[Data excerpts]
- Opening Delimiter -

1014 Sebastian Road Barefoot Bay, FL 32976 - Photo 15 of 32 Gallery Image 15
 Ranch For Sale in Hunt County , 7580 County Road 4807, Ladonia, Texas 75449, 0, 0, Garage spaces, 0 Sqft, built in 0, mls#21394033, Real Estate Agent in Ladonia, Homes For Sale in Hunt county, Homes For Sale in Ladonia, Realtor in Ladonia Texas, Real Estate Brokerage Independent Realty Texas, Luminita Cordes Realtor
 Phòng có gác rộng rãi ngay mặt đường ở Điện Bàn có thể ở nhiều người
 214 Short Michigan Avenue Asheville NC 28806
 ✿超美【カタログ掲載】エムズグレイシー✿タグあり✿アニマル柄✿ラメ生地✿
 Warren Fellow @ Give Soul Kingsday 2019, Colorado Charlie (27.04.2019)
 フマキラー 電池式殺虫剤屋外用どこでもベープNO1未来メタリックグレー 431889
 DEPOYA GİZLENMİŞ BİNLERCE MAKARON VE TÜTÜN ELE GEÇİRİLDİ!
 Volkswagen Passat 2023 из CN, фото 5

- Closing Delimiter -

Each record must be transcribed word for word.

1014 Sebastian Road Barefoot Bay, FL 32976 - Photo 15 of 32 Gallery Image 15
 Ranch For Sale in Hunt County , 7580 County Road 4807, Ladonia, Texas 75449, 0, 0, Garage spaces, 0 Sqft, built in 0, mls#21394033, Real Estate Agent in Ladonia, Homes For Sale in Hunt county, Homes For Sale in Ladonia, Realtor in Ladonia Texas, Real Estate Brokerage Independent Realty Texas, Luminita Cordes Realtor
 Phòng có gác rộng rãi ngay mặt đường ở Điện Bàn có thể ở nhiều người
 214 Short Michigan Avenue Asheville NC 28806
 ✿超美【カタログ掲載】エムズグレイシー✿タグあり✿アニマル柄✿ラメ生地✿
 Warren Fellow @ Give Soul Kingsday 2019, Colorado Charlie (27.04.2019)
 フマキラー 電池式殺虫剤屋外用どこでもベープNO1未来メタリックグレー 431889
 DEPOYA GİZLENMİŞ BİNLERCE MAKARON VE TÜTÜN ELE GEÇİRİLDİ!
 Volkswagen Passat 2023 из CN, фото 5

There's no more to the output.